On September 9, 2011, the Company amended and restated its revolving asset-backed conduit facility which provides for a total aggregate commitment of $600.0 million. At December 31, 2011 and 2010, HDFS had no outstanding borrowings under the conduit facility. Refer to Note 7 for further discussion on the asset backed conduit facility.

As discussed in Note 7, during 2011, the Company issued $1.09 billion of secured notes through two term asset-backed securitization transactions. During 2010, the Company issued $600.0 million of secured notes through one term asset-backed securitization transaction. The term-asset backed securitization transactions are further discussed in Note 7.

HDFS' medium-term notes (collectively the Notes) provide for semi-annual interest payments and principal due at maturity. During 2011, HDFS repurchased an aggregate $49.9 million of its $1.0 billion, 6.8% medium-term notes which mature in June 2018. As a result, HDFS recognized in financial services interest expense a $9.6 million loss on extinguishment of debt, which included unamortized discounts and fees. During December 2010, the $200.0 million, 5.00% medium-term note matured, and the principal and accrued interest was paid in full. Unamortized discounts on the Notes reduced the balance by $1.9 million and $2.2 million at December 31, 2011 and 2010, respectively.
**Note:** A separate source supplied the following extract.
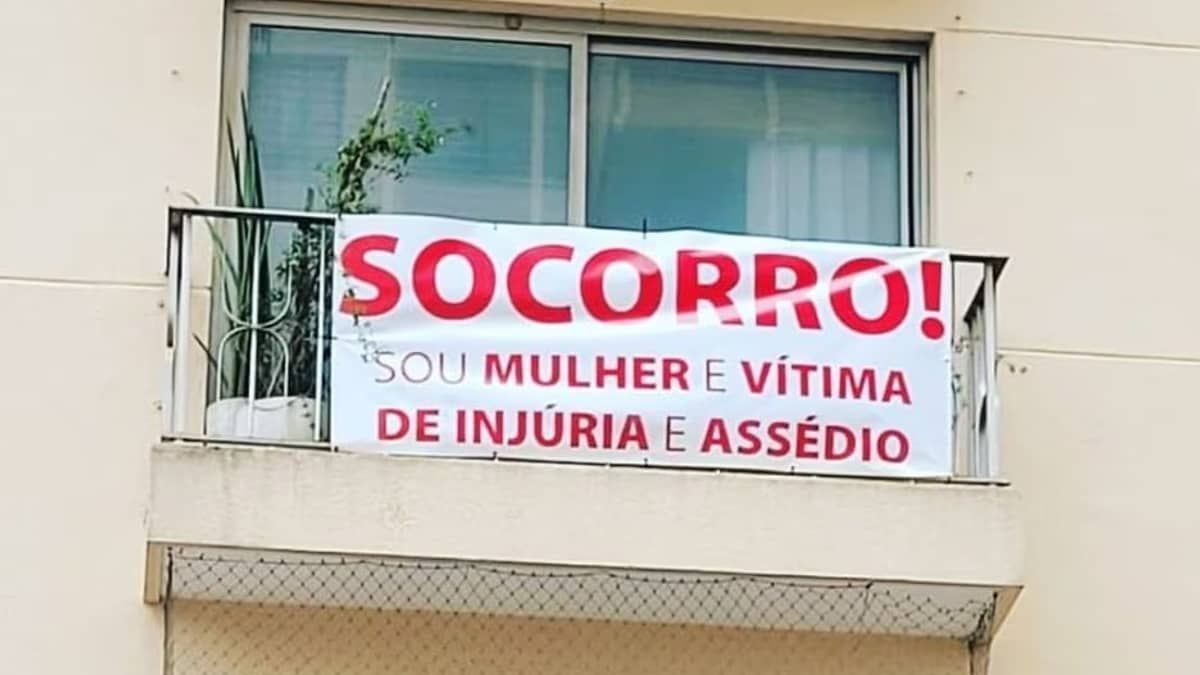 Vítima de assédio estende faixa com pedido de socorro na janela de apartamento em SP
In February 2009, the Company issued $600.0 million of senior unsecured notes in an underwritten offering. The senior unsecured notes provide for semi-annual interest payments and principal due at maturity. The senior unsecured notes mature in February 2014 and have an annual interest rate of 15%. During the fourth quarter of 2010, the Company repurchased $297.0 million of the $600.0 million senior unsecured notes at a price of $380.8 million. As a result of the transaction, the Company incurred a loss on debt extinguishment of $85.2 million which also includes $1.4 million of capitalized debt issuance costs that were written-off. The Company used cash on hand for the repurchase and the repurchased notes were cancelled.

HDFS has a revolving credit line with the Company whereby HDFS may borrow up to $210.0 million at market rates of interest. As of December 31, 2011 and 2010, HDFS had no borrowings owed to the Company under the revolving credit agreement.

HDFS and the Company are subject to various operating and financial covenants related to the Global Credit Facilities and various operating covenants under the Notes and the asset-backed commercial paper conduit facility. The more significant covenants are described below.

The covenants limit the Company's and HDFS' ability to:

 

   

incur certain additional indebtedness;

 

   

assume or incur certain liens;

 

   

participate in a merger, consolidation, liquidation or dissolution; and

 

   

purchase or hold margin stock.

Under the financial covenants of the Global Credit Facilities, the consolidated debt to equity ratio of HDFS cannot exceed 10.0 to 1.0. In addition, the Company must maintain a minimum interest coverage ratio of 2.25 to 1.0 for each fiscal quarter ended through June 2013 and 2.5 to 1.0 for each fiscal quarter thereafter. No financial covenants are required under the Notes, asset-backed commercial paper conduit facility or the Company's senior unsecured notes.

At December 31, 2011 and 2010, HDFS and the Company remained in compliance with all of these covenants.